Josie Hickel, Chugach’s Senior Vice President of Energy and Resources, and Dave Phillips, Senior Lands Manager, met with the students to offer the expertise and knowledge they gained during the BRCF transaction.
Intrigued by the agreement between Chugach, New Forests, The Nature Conservancy and the Native Land Conservancy Trust, the Harvard representatives sought guidance on how to structure similar arrangements and diversify Harvard’s future emission goals.
“Instead of purchasing RECs (Renewable Energy Certificates) off the shelf, the University would like to be more hands on and develop a project that extends beyond carbon offset, Maruca said. For the Harvard classmates, the appeal of the BRCF project was the economic and financial benefits for Chugach’s shareholders and the region as a whole.
The students’ inquiries touched on village corporations, regional corporations, land claims and property rights, and how all of these entities and legalities weave together to benefit the economy of Alaska, and how future carbon projects could further improve the quality of life for Alaskans. Jobs, sustainability and economic development were at the forefront of Harvard’s interest in the BRCF transaction and how to craft endeavors that align with this model.
Collaboration at the local, regional and international levels is a critical component of Harvard’s future climate action strategy. The University’s existing partnerships with local governments and business leaders in Massachusetts provide a strong example of how working together on common challenges can help lead to more effective results. The BRCF deal falls well within Harvard’s methodology and the way they like to conduct business.
“Using our campus as a test bed for climate action provides our students with experience and knowledge that prepares them to be more effective leaders when they leave Harvard,” said Heather Henriksen, Director of Harvard’s Office for Sustainability. “The University’s growing research and innovation initiatives are poised to give students and faculty the opportunity to work together to reimagine existing systems and pilot promising, new solutions.”
Like Harvard’s students and leadership, Josie Hickel reflected on the broader implications of the BRCF venture and how this historic agreement reflects the company’s culture. “The BRCF exemplifies Chugach’s core behaviors,” Hickel said. “Retiring the coal rights was the right thing to do. It was right for the company and right for the shareholders. It will ensure the region’s environment remains viable for subsistence for generations and generations to come, while creating long-term economic stability as well.”
The Bering River Coal Field is situated on the eastern edge of Alaska’s Copper River Delta – the largest contiguous wetlands on the Pacific Coast of North America and one of the world’s most productive wild salmon fisheries.

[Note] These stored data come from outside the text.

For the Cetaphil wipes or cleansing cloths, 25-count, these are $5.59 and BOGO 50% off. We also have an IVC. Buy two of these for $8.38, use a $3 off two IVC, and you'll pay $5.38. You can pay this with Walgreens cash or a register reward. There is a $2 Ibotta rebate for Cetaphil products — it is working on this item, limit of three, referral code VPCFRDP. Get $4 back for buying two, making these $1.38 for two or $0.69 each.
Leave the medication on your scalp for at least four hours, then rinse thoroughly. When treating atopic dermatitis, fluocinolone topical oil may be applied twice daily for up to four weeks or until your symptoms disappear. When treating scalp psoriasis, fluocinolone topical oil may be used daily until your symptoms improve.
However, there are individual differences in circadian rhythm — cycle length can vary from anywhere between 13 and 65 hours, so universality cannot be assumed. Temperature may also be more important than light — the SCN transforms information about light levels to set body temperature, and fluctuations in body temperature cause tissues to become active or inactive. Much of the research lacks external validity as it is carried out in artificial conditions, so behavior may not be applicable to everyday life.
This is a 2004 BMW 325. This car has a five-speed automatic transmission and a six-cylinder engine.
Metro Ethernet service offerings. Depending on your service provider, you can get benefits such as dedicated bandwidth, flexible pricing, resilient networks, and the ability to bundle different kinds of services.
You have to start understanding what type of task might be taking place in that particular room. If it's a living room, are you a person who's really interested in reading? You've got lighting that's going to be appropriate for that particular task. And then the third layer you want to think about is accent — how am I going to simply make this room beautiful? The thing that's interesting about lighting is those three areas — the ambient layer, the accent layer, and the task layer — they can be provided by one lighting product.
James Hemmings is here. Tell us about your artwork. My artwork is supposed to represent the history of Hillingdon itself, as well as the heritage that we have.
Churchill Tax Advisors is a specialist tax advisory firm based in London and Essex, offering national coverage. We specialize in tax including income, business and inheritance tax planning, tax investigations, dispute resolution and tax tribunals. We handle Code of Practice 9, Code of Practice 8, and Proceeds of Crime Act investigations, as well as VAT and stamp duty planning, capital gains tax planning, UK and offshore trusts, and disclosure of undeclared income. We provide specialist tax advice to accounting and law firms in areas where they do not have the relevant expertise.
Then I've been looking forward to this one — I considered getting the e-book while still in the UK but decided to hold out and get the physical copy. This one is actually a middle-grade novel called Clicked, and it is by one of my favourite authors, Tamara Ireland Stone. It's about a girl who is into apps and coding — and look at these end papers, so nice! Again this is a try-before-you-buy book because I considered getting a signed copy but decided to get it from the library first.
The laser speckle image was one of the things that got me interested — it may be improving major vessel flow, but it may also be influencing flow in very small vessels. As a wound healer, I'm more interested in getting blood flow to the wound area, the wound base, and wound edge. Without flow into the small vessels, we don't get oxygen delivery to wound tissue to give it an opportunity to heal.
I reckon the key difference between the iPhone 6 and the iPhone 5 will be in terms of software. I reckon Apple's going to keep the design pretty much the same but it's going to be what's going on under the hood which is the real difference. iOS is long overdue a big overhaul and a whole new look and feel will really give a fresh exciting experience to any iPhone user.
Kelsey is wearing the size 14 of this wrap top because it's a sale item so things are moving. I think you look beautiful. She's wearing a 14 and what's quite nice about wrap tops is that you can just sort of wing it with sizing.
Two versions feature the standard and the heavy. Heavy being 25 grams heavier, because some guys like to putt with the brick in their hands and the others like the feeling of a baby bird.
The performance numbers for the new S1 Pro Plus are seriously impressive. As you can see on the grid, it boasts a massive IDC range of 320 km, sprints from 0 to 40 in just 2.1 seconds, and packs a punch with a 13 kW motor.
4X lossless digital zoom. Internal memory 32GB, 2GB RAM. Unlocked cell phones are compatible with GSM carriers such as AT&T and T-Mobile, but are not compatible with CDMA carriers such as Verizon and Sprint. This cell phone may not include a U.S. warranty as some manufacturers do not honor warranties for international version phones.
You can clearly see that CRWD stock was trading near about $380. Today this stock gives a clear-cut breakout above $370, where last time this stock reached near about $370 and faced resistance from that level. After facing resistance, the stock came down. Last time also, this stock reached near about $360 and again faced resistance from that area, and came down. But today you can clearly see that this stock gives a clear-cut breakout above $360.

The Copper River Delta ecosystem encompasses glaciers, rivers, rainforest and ocean, constituting critical habitat for a vast range of wildlife. “This land sits like a jewel in the ancestral homelands of the Chugach shareholders,” Josie Hickel asserted. “It’s our mission and duty to leave it better than we found it.”
Hickel stated the most rewarding element of the exchange with the Harvard students was awareness. “People are paying attention,” she said. “They want to become more informed and learn ways to lower their footprint, to find different way to protect the environment. Small or large, they’re trying to find a way to do their part.”